Innovativa e commerciale, per molti, è l’idea di comporre
specificatamente per degli ambienti, di dare un arredamento sonoro
assolutamente non intrusivo con una specifica estetica.
Oggi, del resto, nella progettazione di spazi di
qualsivoglia natura (pubblici, privati, aperti, chiusi, etc.) l’elemento acustico è di particolare
importanza.
Tendenzialmente si tende a ridurre il rumore, ossia tutto il
suono invadente è non desiderato, e a amplificare gli eventi sonori.
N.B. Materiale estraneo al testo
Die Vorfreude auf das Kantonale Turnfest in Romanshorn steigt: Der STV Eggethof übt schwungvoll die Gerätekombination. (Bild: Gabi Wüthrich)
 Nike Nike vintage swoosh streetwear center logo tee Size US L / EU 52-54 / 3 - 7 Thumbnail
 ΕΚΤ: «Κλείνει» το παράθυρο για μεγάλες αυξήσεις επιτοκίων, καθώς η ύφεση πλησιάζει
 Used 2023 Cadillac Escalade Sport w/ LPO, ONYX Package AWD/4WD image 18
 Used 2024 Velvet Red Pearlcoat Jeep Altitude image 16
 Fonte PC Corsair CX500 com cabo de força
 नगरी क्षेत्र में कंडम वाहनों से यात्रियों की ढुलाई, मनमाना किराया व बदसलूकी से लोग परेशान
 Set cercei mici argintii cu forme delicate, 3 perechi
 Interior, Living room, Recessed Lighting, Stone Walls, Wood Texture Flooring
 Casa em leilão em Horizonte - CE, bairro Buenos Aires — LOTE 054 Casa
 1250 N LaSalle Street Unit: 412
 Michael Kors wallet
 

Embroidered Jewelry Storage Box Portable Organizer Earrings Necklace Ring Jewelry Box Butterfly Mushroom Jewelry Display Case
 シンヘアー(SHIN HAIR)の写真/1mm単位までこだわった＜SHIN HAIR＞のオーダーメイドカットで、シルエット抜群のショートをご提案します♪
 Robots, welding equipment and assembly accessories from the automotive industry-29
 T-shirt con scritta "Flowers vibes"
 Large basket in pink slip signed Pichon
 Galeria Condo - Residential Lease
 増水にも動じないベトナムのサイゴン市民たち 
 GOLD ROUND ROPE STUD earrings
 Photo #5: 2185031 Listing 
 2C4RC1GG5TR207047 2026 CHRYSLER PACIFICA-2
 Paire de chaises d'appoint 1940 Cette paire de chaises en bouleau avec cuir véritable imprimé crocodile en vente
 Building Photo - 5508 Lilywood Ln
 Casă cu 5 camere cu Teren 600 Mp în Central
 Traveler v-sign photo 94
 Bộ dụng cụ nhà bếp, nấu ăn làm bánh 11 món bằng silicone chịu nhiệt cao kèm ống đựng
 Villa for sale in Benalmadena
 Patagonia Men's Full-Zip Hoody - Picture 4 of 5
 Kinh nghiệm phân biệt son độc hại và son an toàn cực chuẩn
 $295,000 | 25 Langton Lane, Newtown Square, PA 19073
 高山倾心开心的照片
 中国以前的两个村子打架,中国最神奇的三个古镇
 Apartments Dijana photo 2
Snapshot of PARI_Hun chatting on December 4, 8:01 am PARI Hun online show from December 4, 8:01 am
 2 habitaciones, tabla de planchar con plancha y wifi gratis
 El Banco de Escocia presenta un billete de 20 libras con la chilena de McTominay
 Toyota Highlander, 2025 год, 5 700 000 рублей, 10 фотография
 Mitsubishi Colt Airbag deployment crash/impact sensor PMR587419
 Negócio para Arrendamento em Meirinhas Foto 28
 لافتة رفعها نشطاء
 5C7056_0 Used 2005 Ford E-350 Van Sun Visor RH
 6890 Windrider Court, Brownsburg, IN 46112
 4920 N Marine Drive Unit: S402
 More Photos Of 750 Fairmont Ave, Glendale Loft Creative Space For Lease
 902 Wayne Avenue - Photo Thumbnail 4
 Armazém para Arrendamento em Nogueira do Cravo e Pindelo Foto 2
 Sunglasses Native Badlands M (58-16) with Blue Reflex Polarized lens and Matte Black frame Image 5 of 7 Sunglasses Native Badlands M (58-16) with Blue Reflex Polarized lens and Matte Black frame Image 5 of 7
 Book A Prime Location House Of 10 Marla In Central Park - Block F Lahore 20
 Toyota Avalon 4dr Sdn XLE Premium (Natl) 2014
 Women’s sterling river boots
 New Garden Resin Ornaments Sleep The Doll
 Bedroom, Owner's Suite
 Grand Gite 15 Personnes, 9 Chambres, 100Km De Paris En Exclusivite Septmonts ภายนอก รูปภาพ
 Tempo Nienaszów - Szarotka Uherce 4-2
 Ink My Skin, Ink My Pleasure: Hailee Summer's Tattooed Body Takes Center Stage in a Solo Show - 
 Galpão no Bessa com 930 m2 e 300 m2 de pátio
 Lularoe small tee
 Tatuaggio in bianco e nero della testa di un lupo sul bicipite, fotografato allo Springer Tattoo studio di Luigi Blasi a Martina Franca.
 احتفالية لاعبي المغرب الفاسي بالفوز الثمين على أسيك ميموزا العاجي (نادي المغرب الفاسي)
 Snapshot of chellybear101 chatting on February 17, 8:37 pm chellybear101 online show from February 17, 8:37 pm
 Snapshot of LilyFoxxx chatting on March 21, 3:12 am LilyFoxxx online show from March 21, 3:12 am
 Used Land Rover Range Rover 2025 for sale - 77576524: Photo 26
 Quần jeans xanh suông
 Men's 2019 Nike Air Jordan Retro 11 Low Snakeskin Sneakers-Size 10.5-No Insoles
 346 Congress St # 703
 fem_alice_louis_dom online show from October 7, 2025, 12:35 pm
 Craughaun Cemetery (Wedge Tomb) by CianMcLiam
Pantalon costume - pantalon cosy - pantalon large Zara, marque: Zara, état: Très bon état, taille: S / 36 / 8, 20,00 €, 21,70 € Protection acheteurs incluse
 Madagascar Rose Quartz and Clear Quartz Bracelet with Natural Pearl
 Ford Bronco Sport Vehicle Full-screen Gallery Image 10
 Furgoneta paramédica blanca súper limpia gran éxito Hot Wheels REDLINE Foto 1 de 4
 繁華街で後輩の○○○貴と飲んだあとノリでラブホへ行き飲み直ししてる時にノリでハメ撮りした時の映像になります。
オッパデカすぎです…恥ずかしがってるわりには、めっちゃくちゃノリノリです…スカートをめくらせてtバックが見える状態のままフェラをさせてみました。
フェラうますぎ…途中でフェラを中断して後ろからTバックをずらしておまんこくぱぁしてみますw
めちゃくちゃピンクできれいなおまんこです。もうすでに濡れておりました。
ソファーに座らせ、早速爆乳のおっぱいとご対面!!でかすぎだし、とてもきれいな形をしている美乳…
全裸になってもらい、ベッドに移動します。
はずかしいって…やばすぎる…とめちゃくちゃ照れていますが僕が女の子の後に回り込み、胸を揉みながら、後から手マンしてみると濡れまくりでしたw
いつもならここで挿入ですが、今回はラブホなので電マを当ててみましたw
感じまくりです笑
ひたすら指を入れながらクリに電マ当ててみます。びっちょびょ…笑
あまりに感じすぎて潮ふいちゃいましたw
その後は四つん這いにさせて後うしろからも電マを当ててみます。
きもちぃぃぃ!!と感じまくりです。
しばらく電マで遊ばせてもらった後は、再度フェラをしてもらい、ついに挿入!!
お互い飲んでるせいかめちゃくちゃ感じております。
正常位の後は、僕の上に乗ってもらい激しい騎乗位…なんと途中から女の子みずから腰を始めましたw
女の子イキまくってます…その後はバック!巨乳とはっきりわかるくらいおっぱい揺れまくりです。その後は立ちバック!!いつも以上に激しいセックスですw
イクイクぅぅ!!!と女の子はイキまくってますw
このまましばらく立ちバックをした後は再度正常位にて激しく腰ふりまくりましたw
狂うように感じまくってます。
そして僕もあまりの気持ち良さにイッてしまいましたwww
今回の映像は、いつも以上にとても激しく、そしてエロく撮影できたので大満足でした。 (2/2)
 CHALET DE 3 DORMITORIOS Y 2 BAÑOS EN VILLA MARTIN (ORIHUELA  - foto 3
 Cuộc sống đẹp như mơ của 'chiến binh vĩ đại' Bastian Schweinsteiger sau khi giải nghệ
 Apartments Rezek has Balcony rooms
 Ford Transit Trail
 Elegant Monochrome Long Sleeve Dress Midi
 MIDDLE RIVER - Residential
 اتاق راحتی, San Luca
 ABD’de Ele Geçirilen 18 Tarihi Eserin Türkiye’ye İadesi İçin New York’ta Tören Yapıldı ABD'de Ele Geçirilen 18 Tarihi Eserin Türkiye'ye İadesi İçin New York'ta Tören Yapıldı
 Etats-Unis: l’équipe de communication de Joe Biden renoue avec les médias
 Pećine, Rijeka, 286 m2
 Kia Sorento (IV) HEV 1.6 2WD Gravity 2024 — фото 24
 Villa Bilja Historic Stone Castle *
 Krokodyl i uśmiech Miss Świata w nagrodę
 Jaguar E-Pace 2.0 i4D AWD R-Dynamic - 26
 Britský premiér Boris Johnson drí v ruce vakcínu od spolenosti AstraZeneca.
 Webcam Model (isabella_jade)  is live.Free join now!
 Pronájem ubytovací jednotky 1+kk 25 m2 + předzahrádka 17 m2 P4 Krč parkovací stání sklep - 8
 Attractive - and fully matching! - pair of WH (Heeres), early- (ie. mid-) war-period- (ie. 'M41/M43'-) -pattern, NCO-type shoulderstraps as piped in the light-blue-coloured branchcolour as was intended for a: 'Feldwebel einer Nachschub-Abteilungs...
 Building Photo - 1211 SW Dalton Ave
Qui, amplificare non significa mettere in primo piano, ma
piuttosto consentire l’intelligibilità dell’evento sonoro.
Esiste dunque un’estetica del cambiamento del paesaggio
sonoro e riflettere su di esso vuol dire rilevare i cambiamenti intervenuti
nella percezione e nel comportamento di quelli che lo abitano.
Per concludere, il primo suono che gli uomini intesero fu
quello delle acque che scorrono, ma il mondo stesso è un’immensa composizione
musicale che si dispiega senza soste.
Da qualche tempo a
questa parte conservarlo è diventato un impegno culturale e politico soprattutto
quando è specifico e unico come coloro che l’hanno creato e lo abitano.